Ce crime, on s’en souvient puisqu’il est tout récent, est un des drames les plus mystérieux de notre époque. J’en emprunte le récit aux journaux.

« Le général baron d’Hautois, ambassadeur à Berlin sous le second Empire, a été assassiné cette nuit dans l’hôtel qu’il occupait depuis la mort de son frère, et que celui-ci lui avait légué, au n°134 de l’avenue Henri-Martin.

« Affaibli par l’âge et la maladie, il vivait dans la retraite la plus absolue, sous la garde d’une religieuse, la sœur Auguste, et d’une demoiselle de compagnie, Mlle B… plus spécialement engagée comme lectrice.

« Hier soir, en l’absence de la sœur Auguste, Mlle B… s’offrit à passer la nuit sur la chaise-longue du cabinet de toilette. À dix heures, le domestique vint prendre les ordres et se retira, laissant son maître avec Mlle B… qui, à ce moment, lisait à haute voix.

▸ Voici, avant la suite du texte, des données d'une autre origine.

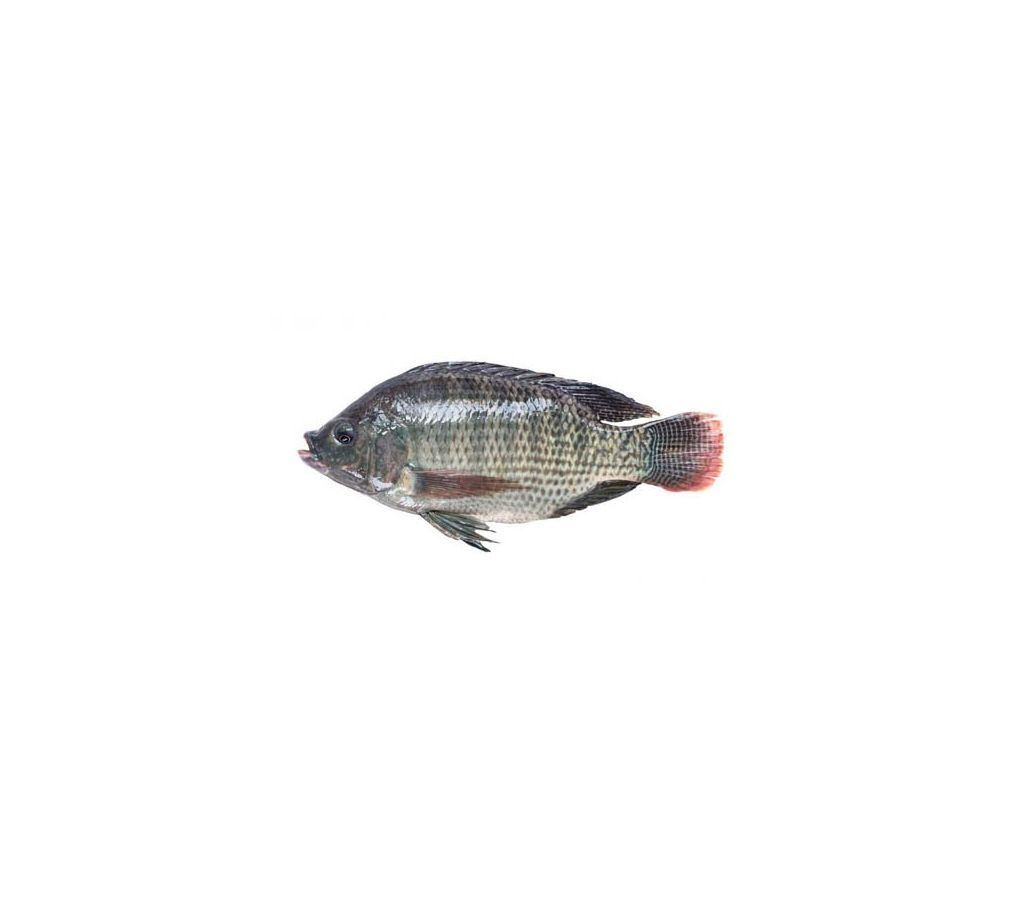Telapia Fish (4/5pcs) After Cutting  1kg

« Ce domestique dormait à peine, lorsque, un peu avant minuit, il fut réveillé par le bruit de la sonnette électrique qui relie sa chambre à celle de M. d’Hautois. Il descendit en hâte et poussa vivement la porte. Au milieu de la pièce, entre la table et l’armoire à glace, gisait le corps de son maître. Mlle B… n’était plus là.

« Il donna aussitôt l’alarme. Le cocher courut chez le commissaire du 16e arrondissement, M. Chevalot, qui, sans plus tarder, fit les premières constatations.

« Une seule blessure avait occasionné la mort, une blessure au cou par où le sang avait giclé violemment, mouchetant de taches noires les livres qui encombraient la table. Mais auparavant une lutte terrible avait dû se produire, comme le montrent le désordre de la pièce, les chaises renversées, un grand flambeau de cristal cassé en mille morceaux. Du reste, le visage du baron conservait une expression d’épouvante folle, et son corps était crispé, recroquevillé sur lui-même.